Pensez-vous que c’est une tendance forte des prochaines années ?

C’est certain. Nous voyons deux tendances très intéressantes en ce moment. D’une part, les consommateurs deviennent de plus en plus avertis vis-à-vis des questions environnementales : ils optent de plus en plus pour des produits et services écoresponsables, même si le prix est plus élevé. D’autre part, nous commençons à voir certaines institutions financières devenir plus strictes lorsqu’il s’agit de financement d’entreprise, en accordant des prêts uniquement si la société demandeuse coche un certain nombre de cases RSE et se conforme à des pratiques écoresponsables. Ces deux tendances vont obliger toute société qui fabrique et/ou vend des produits de grande consommation à se conformer à des pratiques plus écoresponsables. Les marques de parfums ont par le passé créé de nombreux produits en exclusivité pour le travel retail.

Chanel Parfums à l’aéroport international Hamad au Qatar ©TRBusiness

Cette exclusivité va-t-elle faire son retour selon vous ? Quelles pistes originales voyez-vous pour l’achat de parfums en circuit travel retail ?

Absolument. Nous constatons l’importance des produits en exclusivité dans toutes les études de marché auquel nous avons accès grâce à notre partenariat exclusif avec m1nd-set. Mais, au-delà des exclusivités en travel retail, le storytelling est également très important pour continuer à séduire les consommateurs post-Covid.
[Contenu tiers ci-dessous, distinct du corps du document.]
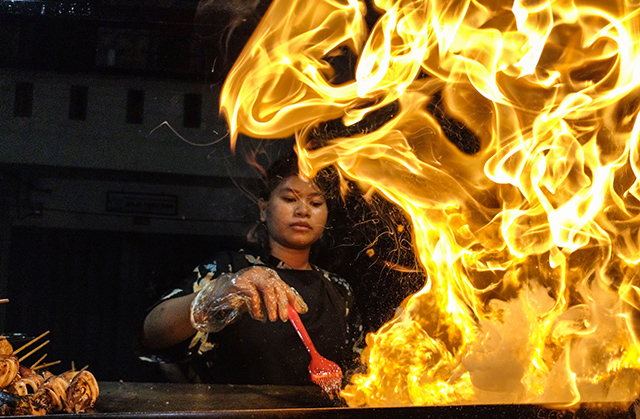 Street Food Malam di Pasar Cidu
L’histoire du produit, l’origine des ingrédients, les communautés qui ont travaillé sur le terrain… Sans oublier l’aspect commerce équitable, c’est-à-dire comment les marques soutiennent ces communautés avec des revenus justes, des programmes éducatifs pour les enfants, ou des projets liés à la sante ou à l’hygiène, comme par exemple la construction de WC. Tout cela touche un segment de plus en plus important de consommateurs, notamment les générations X et Y qui sont plus sensibles à ces aspects que les consommateurs plus seniors. En plus de cela, il y a bien sûr la théâtralisation du point de vente, avec des animations exclusives, l’utilisation des nouvelles technologies pour personnaliser l’expérience et le produit final. Toutes ces pratiques traditionnelles continueront à séduire le consommateur de luxe et les consommateurs chinois qui recherchent particulièrement des produits et des expériences qu’ils ne trouvent pas chez eux.

Pour conclure, une question olfactive. Dans la vie de tous les jours, quelles odeurs vous font-elles vibrer ? Quels parfums aimez-vous porter ?

Je vis en Australie et j’aime beaucoup l’odeur du jasmin lors de la floraison. Aux mois de décembre et janvier, je peux en sentir partout dans le quartier. Ceci dit, je n’irais pas jusqu’à porter un parfum qui sent le jasmin ! J’ai plusieurs favoris chez Armani, Montblanc, Givenchy, Christian Dior, et j’aime Obsession de Calvin Klein.